======== SOURCE RECORDS
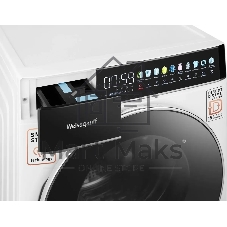Стиральная машина Weissgauff WM 58411 Premium класс: A+++ загр.фронтальная макс.:11кг белый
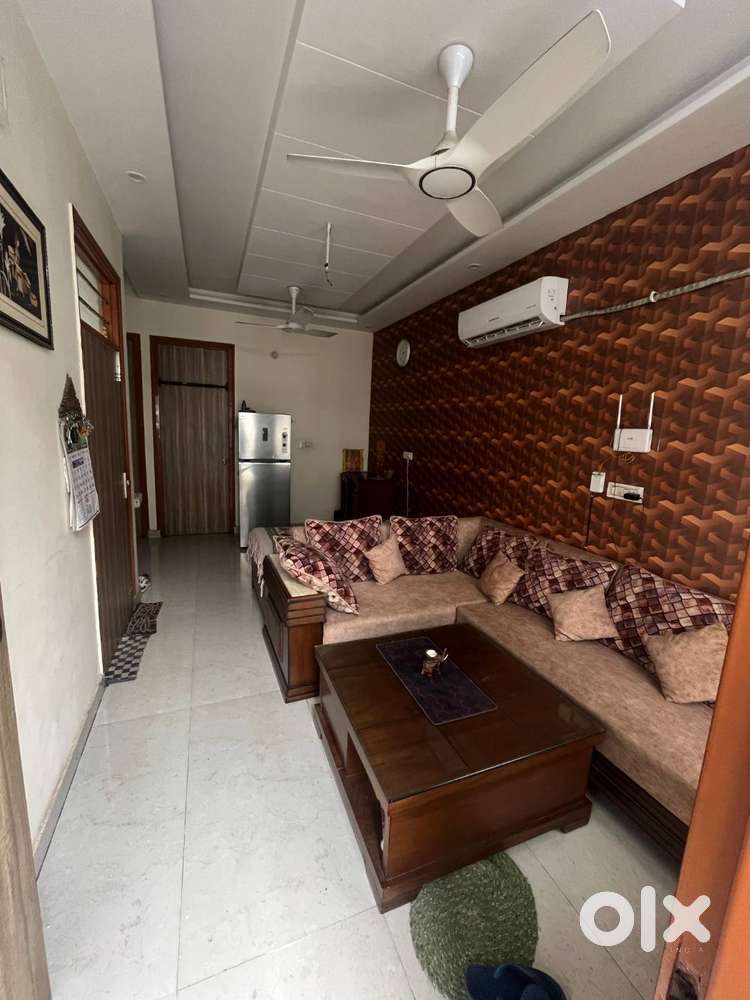 2 BHK GURUNANAK ENCLAVE G + 2 CONCEPT FIRST FLOOR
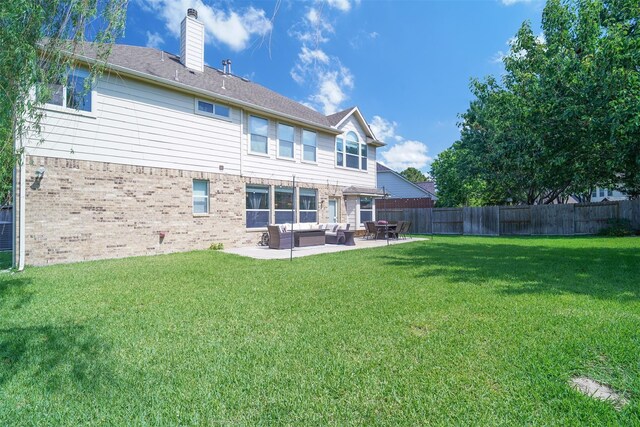 5515 E Terrace Gable Cir, Katy, TX 77494 - photo 32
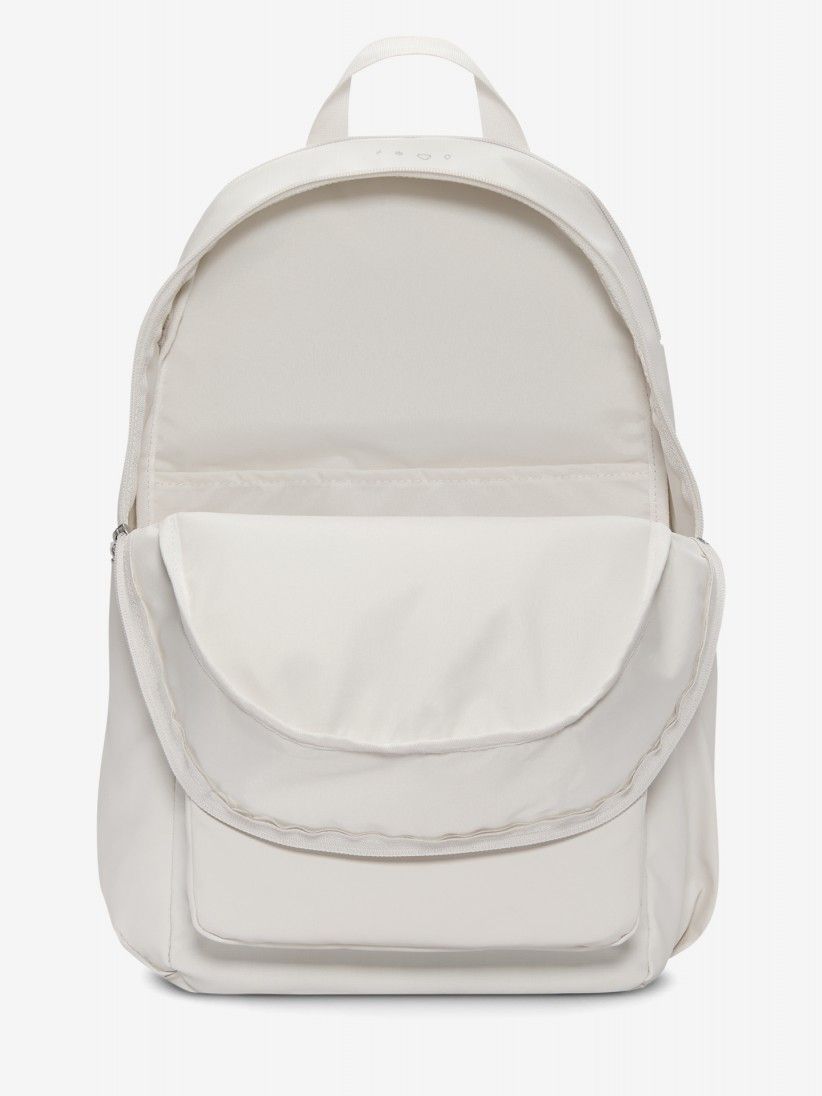Nike Heritage 2.0 Eugene 20L Grey Winter Backpack Nike Heritage 2.0 Eugene 20L Grey Winter Backpack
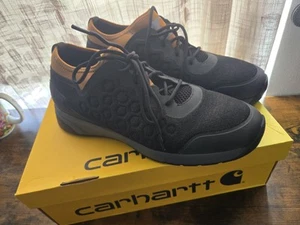 Carhartt Men's Force ESD Soft Toe Work Shoe CMD3060 Mens 11M * NEW - Picture 1 of 7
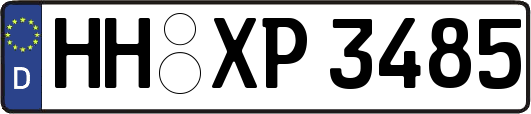 HH-XP3485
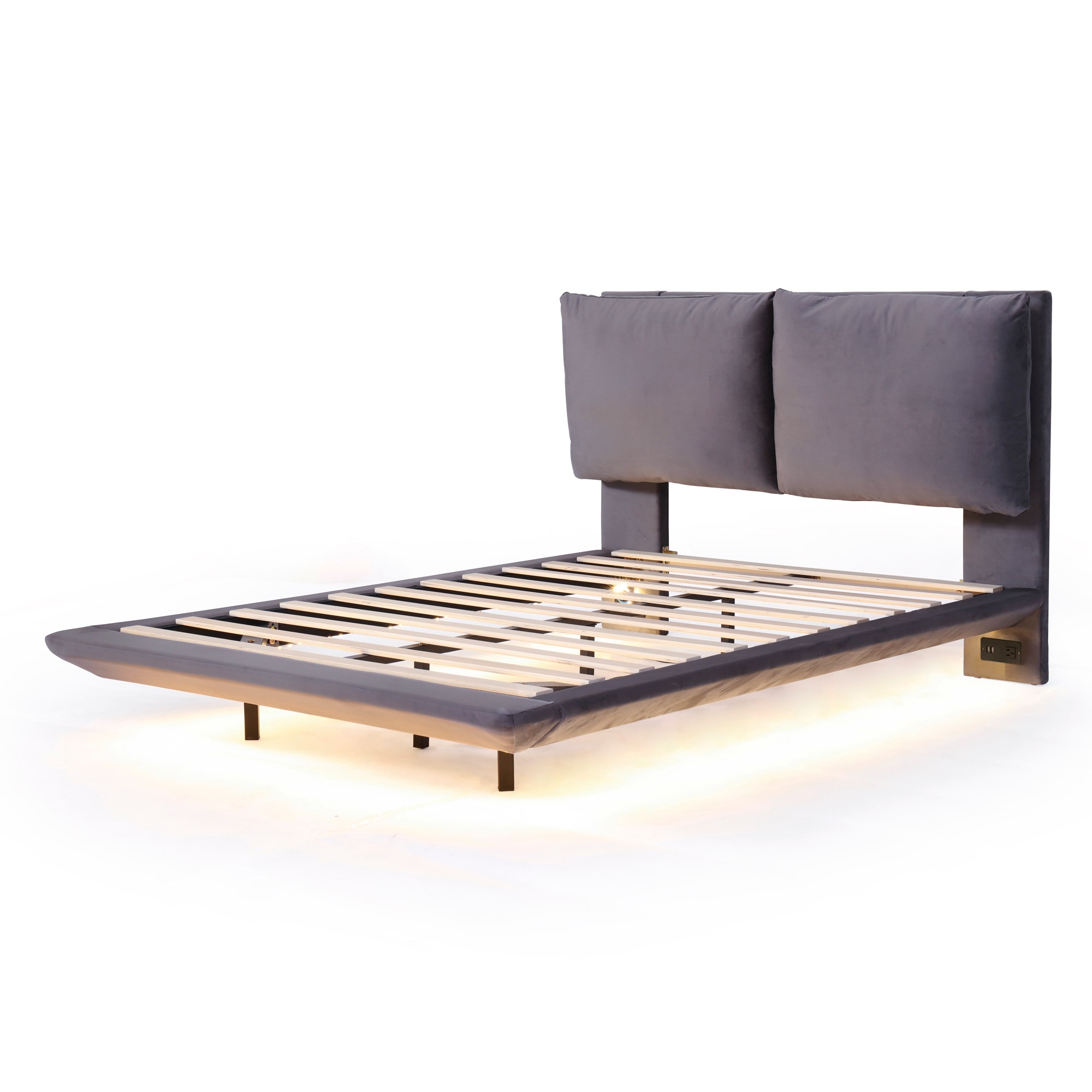 ModernLuxe L3P-SF000063AAE beds - View #3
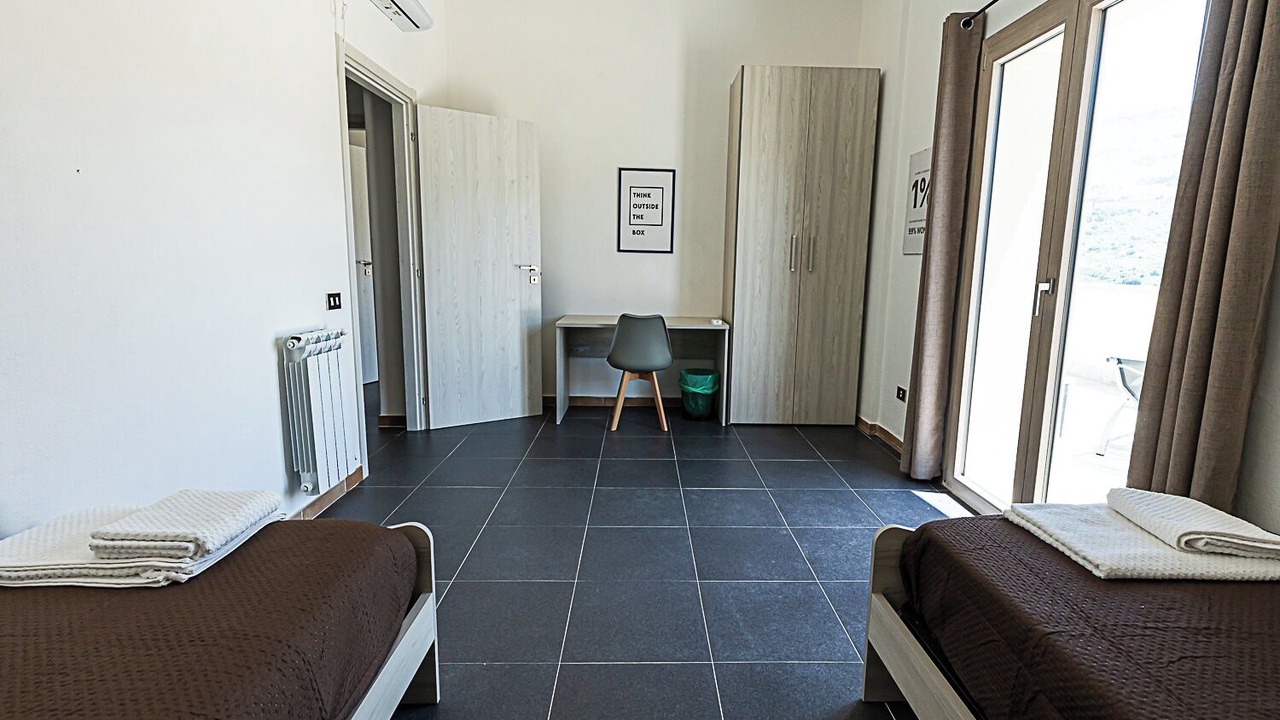 Photo of Bedroom in Monreale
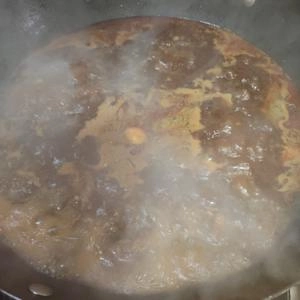 How to Make Braised Beef Step 13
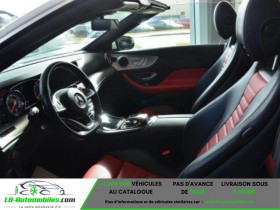 Mercedes Classe E 400 4MATIC BVA  occasion � Beaupuy - photo n�2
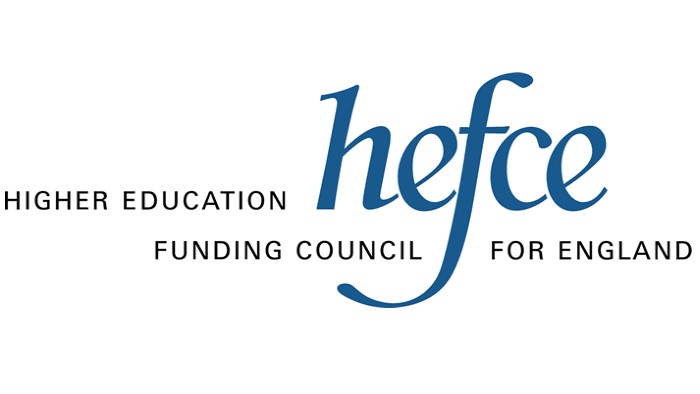 Higher Education Innovation Fund logo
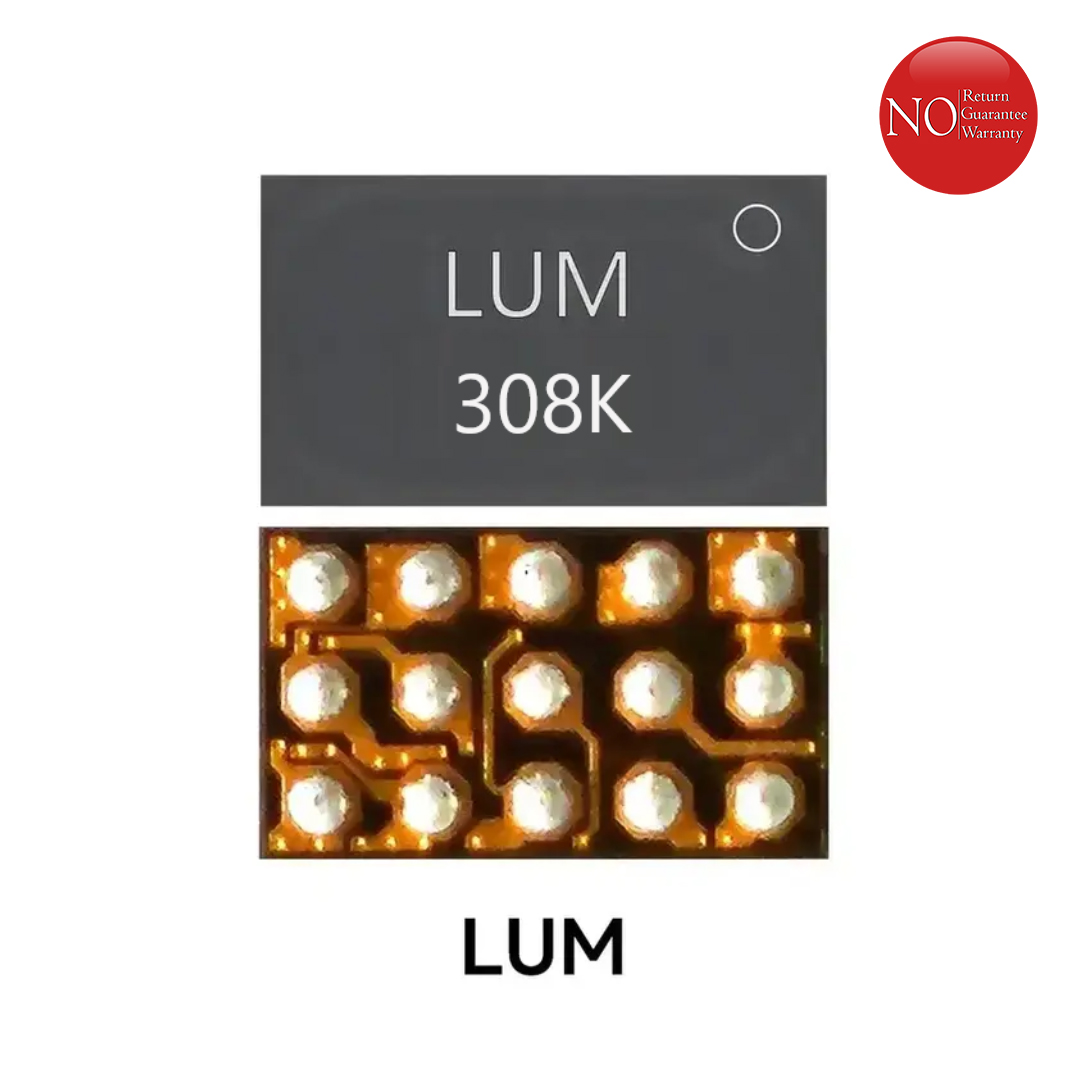 LUM 308K IC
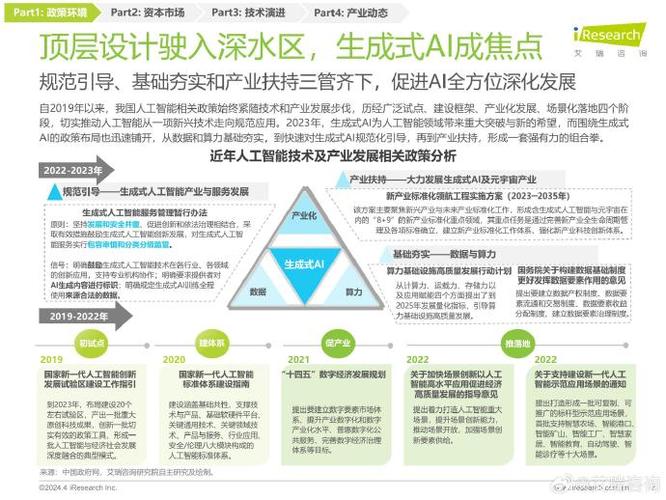 长宁区打造人工智能产业梯度式发展格局(人工智能产业企业梯度发展) 软件优化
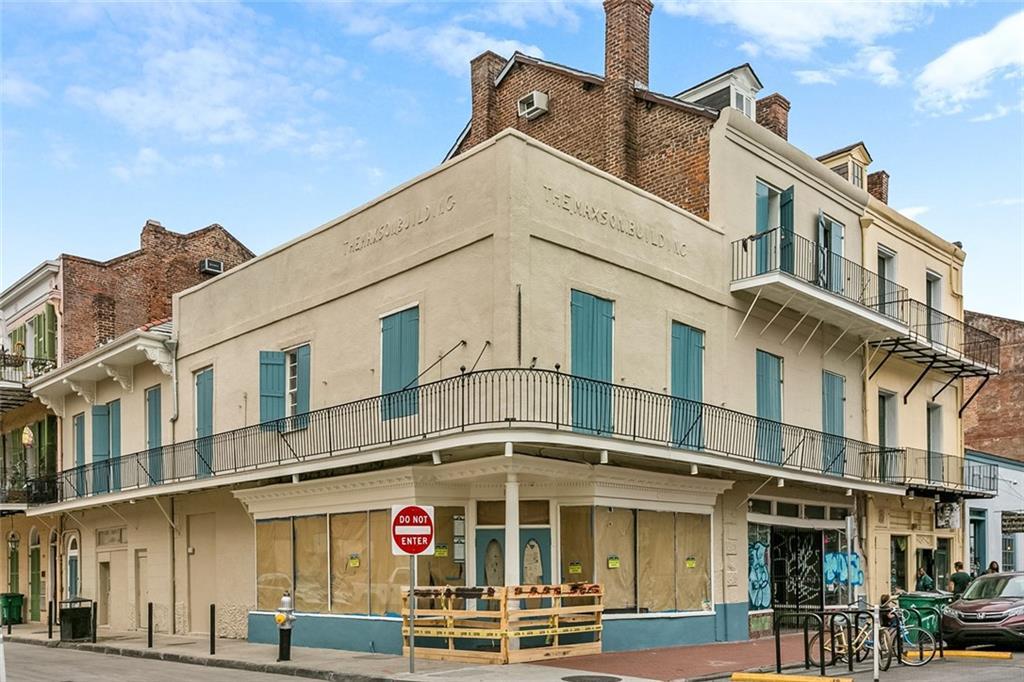 1201 Decatur Street - Photo 1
================
- [TASK TO COMPLETE]: From the line containing "Higher Education Innovation Fund logo" down to the last line of the records above, repeat every line exactly and nothing else, dropping any pictures.

- [RESULT]:
 Higher Education Innovation Fund logo
 LUM 308K IC
 长宁区打造人工智能产业梯度式发展格局(人工智能产业企业梯度发展) 软件优化
 1201 Decatur Street - Photo 1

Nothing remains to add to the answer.